Start of GIVEN RECORDS

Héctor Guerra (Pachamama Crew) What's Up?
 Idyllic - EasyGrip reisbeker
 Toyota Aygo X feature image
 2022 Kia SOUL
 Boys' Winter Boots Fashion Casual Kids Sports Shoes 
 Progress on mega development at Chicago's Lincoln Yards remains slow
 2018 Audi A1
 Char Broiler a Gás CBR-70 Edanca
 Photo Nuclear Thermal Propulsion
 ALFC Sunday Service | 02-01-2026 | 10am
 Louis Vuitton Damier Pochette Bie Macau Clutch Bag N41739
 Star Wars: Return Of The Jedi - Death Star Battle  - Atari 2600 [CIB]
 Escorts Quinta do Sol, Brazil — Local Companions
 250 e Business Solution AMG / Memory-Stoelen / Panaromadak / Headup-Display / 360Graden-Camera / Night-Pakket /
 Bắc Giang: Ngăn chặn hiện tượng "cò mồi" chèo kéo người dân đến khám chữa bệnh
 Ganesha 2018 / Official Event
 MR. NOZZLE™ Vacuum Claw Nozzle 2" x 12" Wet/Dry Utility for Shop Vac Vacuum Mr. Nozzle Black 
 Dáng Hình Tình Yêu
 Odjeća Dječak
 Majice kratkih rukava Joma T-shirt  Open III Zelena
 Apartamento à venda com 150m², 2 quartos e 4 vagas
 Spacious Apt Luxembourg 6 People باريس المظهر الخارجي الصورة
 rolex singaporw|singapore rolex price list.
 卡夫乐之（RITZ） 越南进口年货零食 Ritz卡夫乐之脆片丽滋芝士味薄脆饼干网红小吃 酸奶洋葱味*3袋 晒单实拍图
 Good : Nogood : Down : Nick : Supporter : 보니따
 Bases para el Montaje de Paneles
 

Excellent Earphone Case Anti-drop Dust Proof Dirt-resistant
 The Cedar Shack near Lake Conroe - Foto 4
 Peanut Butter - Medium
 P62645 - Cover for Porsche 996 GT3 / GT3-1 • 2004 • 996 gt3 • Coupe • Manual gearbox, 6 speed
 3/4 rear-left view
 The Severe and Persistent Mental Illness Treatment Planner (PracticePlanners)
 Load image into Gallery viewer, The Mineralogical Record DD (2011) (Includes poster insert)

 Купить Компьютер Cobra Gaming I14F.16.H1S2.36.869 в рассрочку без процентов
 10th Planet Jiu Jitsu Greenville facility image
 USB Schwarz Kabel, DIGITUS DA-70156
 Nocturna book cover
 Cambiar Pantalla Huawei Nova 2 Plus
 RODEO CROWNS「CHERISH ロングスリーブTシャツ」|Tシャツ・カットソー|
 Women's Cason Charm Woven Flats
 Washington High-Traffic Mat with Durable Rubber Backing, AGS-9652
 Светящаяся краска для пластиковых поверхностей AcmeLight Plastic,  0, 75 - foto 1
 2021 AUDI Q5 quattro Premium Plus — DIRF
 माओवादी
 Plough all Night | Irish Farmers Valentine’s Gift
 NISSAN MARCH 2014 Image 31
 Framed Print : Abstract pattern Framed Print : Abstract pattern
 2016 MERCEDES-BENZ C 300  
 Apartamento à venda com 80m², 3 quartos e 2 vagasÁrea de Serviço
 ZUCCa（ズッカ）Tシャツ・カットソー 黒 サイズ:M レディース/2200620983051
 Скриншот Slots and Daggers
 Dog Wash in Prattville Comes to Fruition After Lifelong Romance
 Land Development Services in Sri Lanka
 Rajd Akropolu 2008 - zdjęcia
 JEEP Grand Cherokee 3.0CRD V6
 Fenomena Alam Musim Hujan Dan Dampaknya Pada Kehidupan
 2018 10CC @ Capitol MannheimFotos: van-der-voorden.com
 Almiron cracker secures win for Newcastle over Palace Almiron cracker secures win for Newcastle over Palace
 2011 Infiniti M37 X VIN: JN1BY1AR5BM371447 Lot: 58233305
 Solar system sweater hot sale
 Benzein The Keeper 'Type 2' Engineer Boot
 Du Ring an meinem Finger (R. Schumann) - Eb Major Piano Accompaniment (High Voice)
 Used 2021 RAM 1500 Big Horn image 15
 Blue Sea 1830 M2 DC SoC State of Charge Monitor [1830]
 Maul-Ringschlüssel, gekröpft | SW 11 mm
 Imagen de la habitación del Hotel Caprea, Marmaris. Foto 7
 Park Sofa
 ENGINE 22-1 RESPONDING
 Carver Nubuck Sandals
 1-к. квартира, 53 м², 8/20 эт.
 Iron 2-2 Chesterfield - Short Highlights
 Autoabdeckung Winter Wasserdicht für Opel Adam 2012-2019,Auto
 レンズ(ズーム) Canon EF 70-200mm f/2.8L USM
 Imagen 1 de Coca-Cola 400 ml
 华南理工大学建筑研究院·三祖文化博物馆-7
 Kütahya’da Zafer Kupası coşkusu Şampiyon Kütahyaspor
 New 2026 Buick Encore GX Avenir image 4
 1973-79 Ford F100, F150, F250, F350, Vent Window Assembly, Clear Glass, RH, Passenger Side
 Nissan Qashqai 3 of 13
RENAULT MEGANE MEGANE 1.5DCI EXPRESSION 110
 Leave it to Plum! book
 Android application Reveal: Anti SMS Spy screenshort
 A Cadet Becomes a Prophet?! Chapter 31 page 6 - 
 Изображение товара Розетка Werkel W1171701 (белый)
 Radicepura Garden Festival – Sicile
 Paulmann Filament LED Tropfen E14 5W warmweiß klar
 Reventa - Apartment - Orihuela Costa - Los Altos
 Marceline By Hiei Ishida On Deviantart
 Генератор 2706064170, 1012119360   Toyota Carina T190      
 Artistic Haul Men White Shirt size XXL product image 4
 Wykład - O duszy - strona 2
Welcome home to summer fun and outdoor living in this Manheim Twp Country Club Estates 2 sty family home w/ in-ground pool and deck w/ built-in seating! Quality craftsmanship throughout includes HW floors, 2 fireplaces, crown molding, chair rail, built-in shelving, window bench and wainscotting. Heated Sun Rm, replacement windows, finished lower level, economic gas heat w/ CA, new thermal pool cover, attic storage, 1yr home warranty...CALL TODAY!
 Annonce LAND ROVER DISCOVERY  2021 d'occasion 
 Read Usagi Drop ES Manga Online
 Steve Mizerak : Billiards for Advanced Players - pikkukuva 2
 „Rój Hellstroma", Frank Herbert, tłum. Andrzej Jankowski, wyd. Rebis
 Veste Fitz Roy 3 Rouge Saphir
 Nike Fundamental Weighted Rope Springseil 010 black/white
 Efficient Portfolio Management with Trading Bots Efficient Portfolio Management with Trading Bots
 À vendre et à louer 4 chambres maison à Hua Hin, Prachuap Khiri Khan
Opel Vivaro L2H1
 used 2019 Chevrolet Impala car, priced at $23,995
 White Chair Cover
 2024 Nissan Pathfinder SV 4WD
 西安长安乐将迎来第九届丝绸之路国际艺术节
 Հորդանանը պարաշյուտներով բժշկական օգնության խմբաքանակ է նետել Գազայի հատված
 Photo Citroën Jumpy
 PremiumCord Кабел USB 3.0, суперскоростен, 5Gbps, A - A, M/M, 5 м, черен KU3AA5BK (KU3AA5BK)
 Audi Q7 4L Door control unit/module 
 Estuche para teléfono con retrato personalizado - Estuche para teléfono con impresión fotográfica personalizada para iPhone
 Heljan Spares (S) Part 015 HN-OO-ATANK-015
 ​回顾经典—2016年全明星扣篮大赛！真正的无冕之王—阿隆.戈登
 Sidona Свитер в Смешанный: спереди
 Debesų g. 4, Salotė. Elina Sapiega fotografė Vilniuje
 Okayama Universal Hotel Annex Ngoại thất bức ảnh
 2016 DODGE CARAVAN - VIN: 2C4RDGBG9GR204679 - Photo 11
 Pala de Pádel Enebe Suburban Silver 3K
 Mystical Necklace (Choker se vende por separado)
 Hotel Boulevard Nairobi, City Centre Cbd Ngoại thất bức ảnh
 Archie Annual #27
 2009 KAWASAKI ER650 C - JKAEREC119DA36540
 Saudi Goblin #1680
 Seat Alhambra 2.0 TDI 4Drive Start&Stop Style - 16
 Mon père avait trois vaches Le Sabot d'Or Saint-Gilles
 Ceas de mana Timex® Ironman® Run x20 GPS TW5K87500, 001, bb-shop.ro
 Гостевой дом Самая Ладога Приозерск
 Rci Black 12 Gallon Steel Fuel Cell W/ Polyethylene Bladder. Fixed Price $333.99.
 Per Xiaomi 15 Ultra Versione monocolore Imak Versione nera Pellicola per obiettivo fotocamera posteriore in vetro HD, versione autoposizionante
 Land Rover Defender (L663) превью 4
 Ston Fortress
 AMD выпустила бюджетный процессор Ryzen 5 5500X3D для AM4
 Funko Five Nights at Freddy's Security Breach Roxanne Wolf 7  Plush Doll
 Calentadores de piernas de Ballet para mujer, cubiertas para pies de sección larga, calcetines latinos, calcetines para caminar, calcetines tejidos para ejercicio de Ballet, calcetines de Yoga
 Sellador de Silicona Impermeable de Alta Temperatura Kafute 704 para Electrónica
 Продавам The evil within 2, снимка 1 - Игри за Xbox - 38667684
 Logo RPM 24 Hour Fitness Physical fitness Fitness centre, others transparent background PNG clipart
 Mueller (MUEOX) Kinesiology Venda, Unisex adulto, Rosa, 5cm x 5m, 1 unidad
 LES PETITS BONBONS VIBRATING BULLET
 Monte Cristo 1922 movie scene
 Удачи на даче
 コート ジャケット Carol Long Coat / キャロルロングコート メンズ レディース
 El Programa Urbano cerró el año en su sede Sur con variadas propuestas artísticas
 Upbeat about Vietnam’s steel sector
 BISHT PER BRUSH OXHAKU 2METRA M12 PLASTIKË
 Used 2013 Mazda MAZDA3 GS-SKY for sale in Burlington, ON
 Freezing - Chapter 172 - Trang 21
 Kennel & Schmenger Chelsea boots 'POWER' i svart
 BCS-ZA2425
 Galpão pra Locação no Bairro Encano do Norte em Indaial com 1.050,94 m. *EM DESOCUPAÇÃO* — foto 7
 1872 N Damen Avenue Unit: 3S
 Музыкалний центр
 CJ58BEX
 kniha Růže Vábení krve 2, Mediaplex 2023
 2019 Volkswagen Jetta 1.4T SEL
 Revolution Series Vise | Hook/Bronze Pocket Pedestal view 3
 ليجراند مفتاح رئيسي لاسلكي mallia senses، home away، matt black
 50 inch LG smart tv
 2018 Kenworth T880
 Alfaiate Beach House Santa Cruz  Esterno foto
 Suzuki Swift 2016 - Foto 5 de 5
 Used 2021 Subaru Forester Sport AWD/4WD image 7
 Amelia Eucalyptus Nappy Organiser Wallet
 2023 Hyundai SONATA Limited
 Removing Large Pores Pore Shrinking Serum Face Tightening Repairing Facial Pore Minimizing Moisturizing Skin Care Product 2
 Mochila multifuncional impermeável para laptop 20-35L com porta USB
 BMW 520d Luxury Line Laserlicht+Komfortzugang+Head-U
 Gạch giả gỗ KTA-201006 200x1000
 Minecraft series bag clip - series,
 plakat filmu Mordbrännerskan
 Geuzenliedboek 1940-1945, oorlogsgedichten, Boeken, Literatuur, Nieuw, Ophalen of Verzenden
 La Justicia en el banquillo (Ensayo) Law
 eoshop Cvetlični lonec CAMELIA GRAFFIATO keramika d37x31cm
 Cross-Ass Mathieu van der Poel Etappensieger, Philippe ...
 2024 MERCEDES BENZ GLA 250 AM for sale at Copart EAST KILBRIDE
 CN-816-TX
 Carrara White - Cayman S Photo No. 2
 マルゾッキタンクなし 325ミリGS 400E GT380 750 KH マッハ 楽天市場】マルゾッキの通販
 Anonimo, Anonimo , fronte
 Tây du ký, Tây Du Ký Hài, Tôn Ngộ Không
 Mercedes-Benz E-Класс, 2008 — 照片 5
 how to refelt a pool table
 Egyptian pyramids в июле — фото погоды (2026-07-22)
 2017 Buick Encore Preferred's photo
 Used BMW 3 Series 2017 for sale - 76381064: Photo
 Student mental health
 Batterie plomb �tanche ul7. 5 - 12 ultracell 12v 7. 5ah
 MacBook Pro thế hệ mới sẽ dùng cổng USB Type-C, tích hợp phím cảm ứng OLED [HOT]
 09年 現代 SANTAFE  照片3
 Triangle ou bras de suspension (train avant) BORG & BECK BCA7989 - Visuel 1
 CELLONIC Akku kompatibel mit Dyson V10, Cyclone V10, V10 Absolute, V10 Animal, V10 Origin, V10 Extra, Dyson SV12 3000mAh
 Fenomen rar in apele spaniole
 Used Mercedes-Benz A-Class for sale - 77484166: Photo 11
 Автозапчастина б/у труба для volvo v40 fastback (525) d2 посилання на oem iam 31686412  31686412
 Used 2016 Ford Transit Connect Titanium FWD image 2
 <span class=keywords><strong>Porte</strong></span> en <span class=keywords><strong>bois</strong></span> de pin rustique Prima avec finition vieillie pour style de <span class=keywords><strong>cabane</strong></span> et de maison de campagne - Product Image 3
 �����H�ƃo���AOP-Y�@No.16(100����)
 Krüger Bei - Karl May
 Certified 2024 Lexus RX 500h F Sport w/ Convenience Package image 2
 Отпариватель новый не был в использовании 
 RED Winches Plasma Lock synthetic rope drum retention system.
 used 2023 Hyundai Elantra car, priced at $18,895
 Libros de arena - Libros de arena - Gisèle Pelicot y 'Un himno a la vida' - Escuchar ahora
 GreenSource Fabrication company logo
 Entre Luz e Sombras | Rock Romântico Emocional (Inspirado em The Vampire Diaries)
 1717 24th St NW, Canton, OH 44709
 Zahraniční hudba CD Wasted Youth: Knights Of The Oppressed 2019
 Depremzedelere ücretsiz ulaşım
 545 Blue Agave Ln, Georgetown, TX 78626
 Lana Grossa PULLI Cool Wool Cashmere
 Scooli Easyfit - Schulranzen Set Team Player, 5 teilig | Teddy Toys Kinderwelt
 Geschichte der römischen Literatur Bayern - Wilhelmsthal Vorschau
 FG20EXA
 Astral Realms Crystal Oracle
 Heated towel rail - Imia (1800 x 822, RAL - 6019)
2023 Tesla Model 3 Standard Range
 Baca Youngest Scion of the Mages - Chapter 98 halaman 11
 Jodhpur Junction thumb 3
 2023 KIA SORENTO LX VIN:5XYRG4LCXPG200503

End of GIVEN RECORDS

■ **TO DO**:
Please give the number of lines in the data above that contain the word "Chapter", with nothing else.

■ **EXERCISE RESPONSE**:
3